William Gibson, Spook Country, Berkeley International Edition, 2008 (first published 2007).
This story follows several interesting characters who become involved in tracking a shipping container. Why is the container being tracked, by whom, and what do they want with it? All is revealed in a surprising and satisfying ending.
Many of Gibson's usual themes are explored here, notably technology, drug addiction and the nature of celebrity. The present day background is believably painted, and makes the story and characters easy to identify with.

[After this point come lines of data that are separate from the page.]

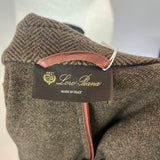 Loro Piana Tan & Black Herringbone Knit Cashmere Jacket S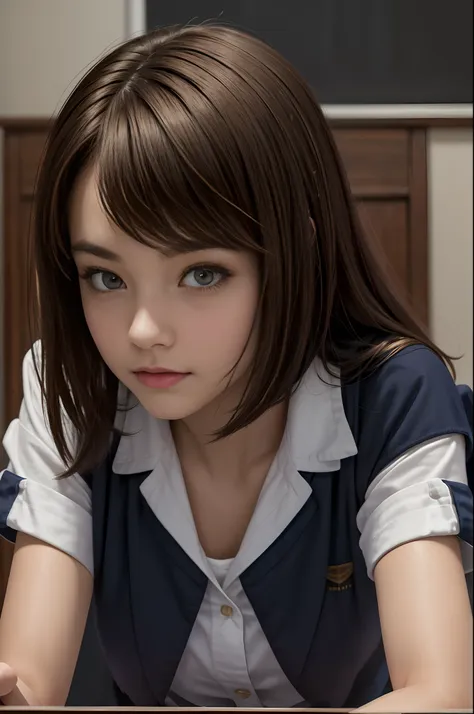 ((Night, Real Light, Top Quality, 8k, Masterpiece: 1.3)), Normal Body Shape: 1.4, (Brown Hair, Colossal: 1.8), Lying on the desk, Open Legs, Ultra Detailed Face, Detailed Eyes, Double Eyelids, school girls in the class room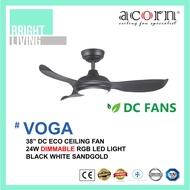 Acorn Voga DC-368 38/48/58 Inch DC-Eco Ceiling Fan + 24W Dimmable RGB LED Light Kit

Hollis Henry is a former rock star who has become a journalist and is hired by a forthcoming magazine to investigate locative art, a form of art viewed with a GPS-linked VR helmet in particular locations, so the art is superimposed upon the visible reality. The owner of the magazine, Hubertus Bigend (a character familiar from Pattern Recognition), has received information about the container, since the computer genius behind the GPS links for the locative art has also been hired to track the container. He gets Hollis to exploit her celebrity status to investigate.

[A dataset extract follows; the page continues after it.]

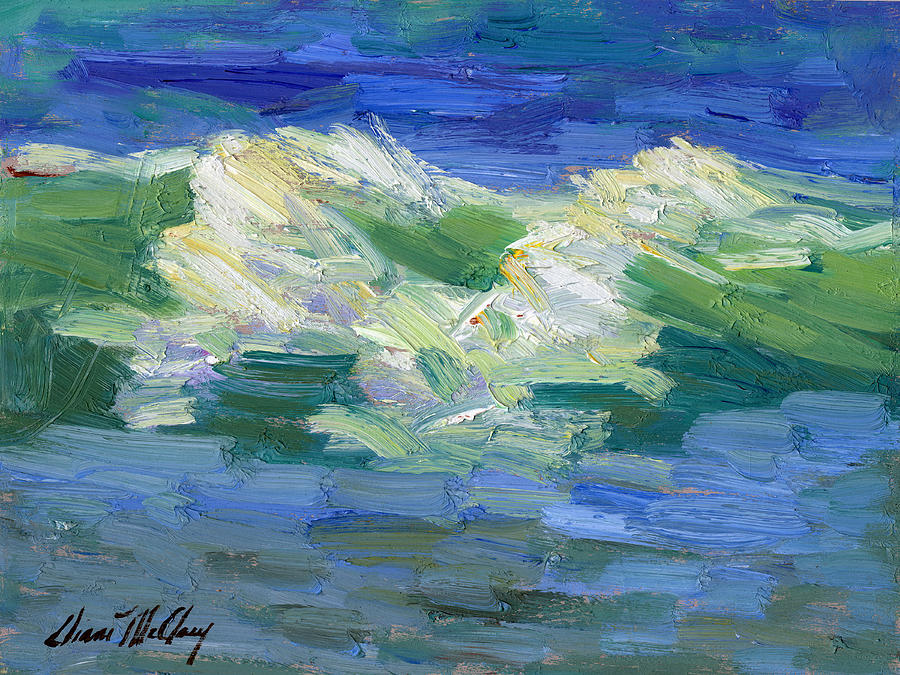 Waves at Rosarito Painting by Diane McClary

Tito is a young Cuban-Chinese "illegal facilitator" from a minor, but well-trained, crime/espionage family in NY. He starts wondering about his recent task, delivering iPods full of data to an old man, who turns out to be a former intelligence officer. He will soon have a more important role to play.
Milgrim is a former Russian translator and interpreter who has become a drug addict. He is kidnapped by Brown, who may be from the police or another agency, to help interpret the Russian-transcript text messages used by Tito and his family. Brown is after the container, but other parties always seem to be one step ahead of him.
These characters move through various cultural settings - the locative art world of LA, the crime and drug world of NY, the territory of secret agents (the "spook country" of the title), and the technological world of GPS tracking, phone scrambling and viewing art through VR. This creates a rich and vivid arena for the tense game to play out upon.
The book is well-written and subtle, as Gibson's work always is. Reading it for the first time was a thrilling experience, as all the threads connect, and reading it again, with the knowledge of the ending made it a lesson in plot construction. The characters are mostly sympathetic, and their inner worlds enriching.